Пятьдесят тысяч уже воспринимался как критический порог — «маловато будет». [281] Но рубежным был тираж в двадцать пять тысяч: за ним книга начинала считаться «редкой». Десять тысяч — такой тираж воспринимался интеллигентами как преступление советской власти, «сознательное сокрытие книги от народа». Такими тиражами выходила, к примеру, редкая гуманитарщина — например, сборники по какому-нибудь «западному структурализму». [282] Пять тысяч и менее — заведомая редкость. Опытный книголюб, увидев в открытой продаже подобное, покупал такую книгу, даже если она его не интересовала — обменять. Чтобы было понятно: пятитысячным тиражом были изданы такие книги, как перевод оригинального сочинения Шампольона о египетских иероглифах и т. п. Тираж 1500 был минимальным — дальше начинались ведомственные издания «для своих».
281
Таким тиражом был издан первый том «Фрагментов ранних греческих философов» в «научной» серии «Памятники философской мысли». Книжка, впрочем, «лежала» — то есть спокойно продавалась в «Академкниге» на улице Горького (Тверской), не вызывая ажиотажа.
282
Структурализм: «за» и «против». Сборник статей. — М.: Прогресс, 1975. Тираж 10.000 экз.
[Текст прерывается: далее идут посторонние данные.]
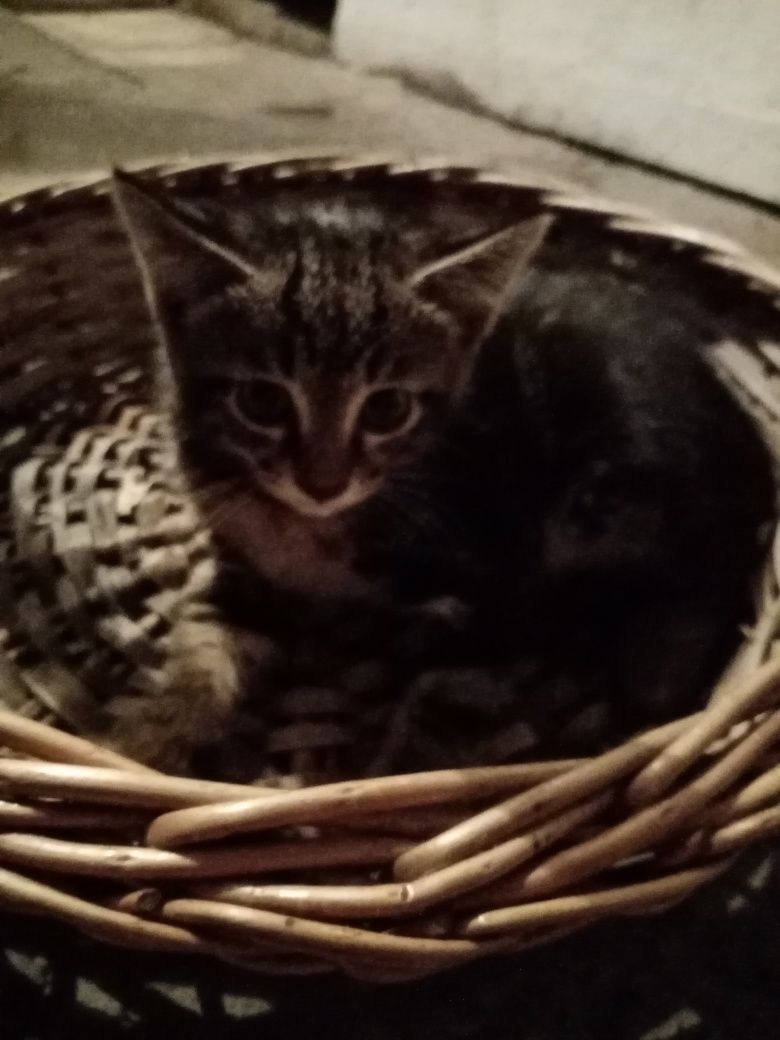 Котята, отдам даром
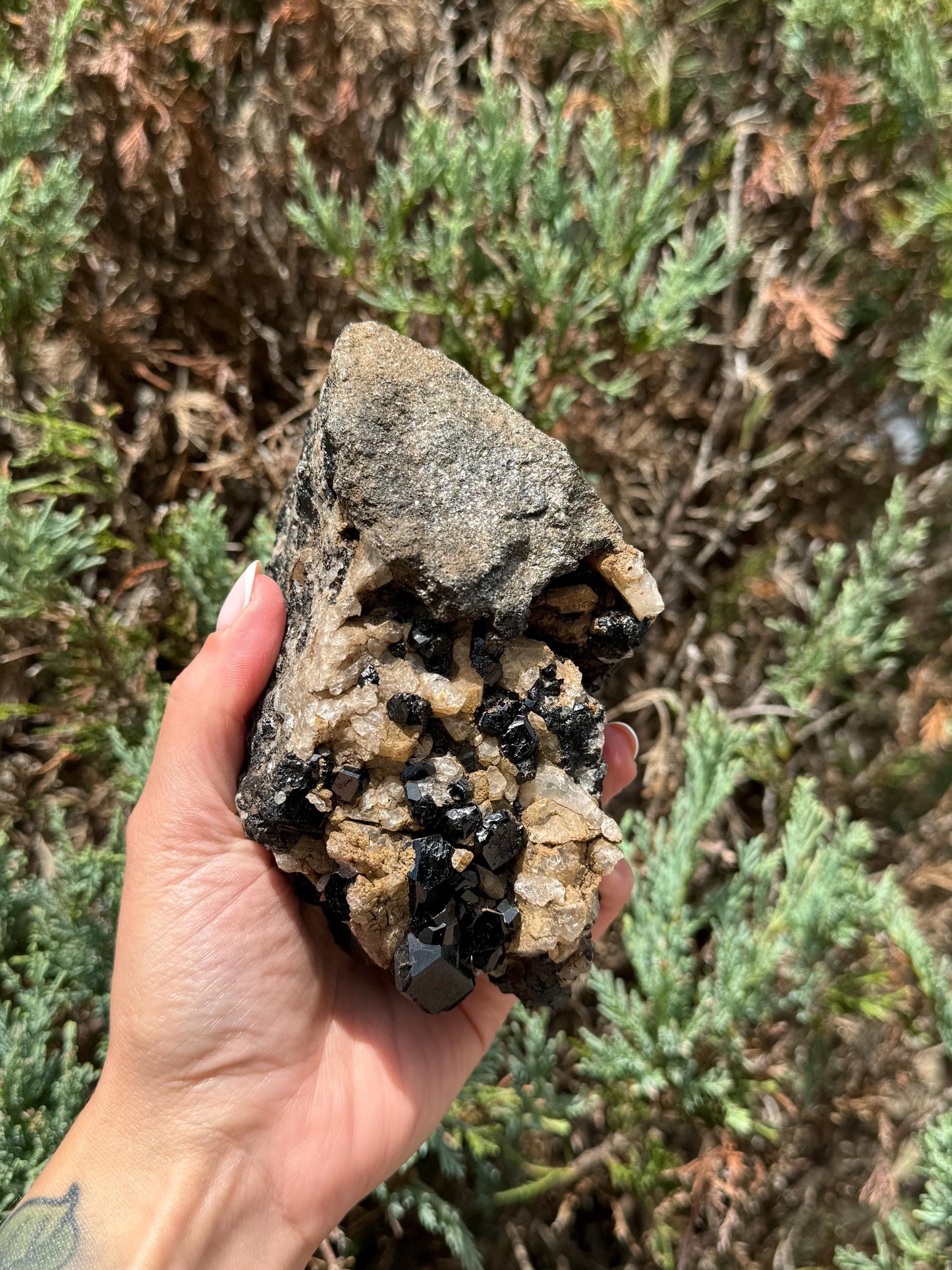 XL Raw High-Quality Black Tourmaline & Quartz Specimen (2.21lbs)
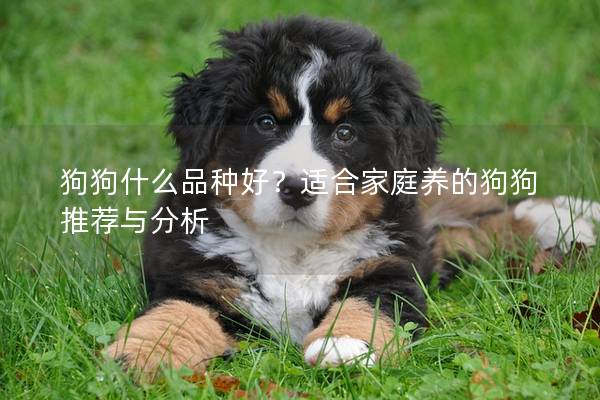狗狗什么品種好？適合家庭養(yǎng)的狗狗推薦與分析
Опытный советский читатель обращал особое внимание на «некруглость» тиража. Например, второй том трёхтомника Броделя имел тираж 17000, а избранные работы Барта по семиотике — 9600. По поверьям того времени эти специальные количества свидетельствовали о сопротивлении советских инстанций изданию, о стремлении занизить тираж — из чего обычно делался вывод, что в книжке содержится что-то неприятное для советской власти. Довольно часто такие ожидания оправдывались.
Чтобы покончить с этой темой. Если верить советской статистике, — а в данном случае нет оснований для обратного — то в классическое советское время (семидесятые — восьмидесятые) количество наименований книг, выпускаемых за год, составляло что-то около пятидесяти тысяч.
Но оставим большие цифры. Перейдём к такому важному и интересному вопросу, как обложка и книжный блок средней советской книги.
Советские книги не бывают неразрезанными. Сшитая нитками книжка имела, как правило, твёрдую обложку, клеёная могла быть как в твёрдом, так и в мягком переплёте. Сшитые «тетрадками» книжки без переплёта выпускались редко — как правило, в результате пересмотра решения о твёрдом переплёте (считавшемся более престижным). Вариантов одной книги «в твёрдом» и «в мягком» я не припомню.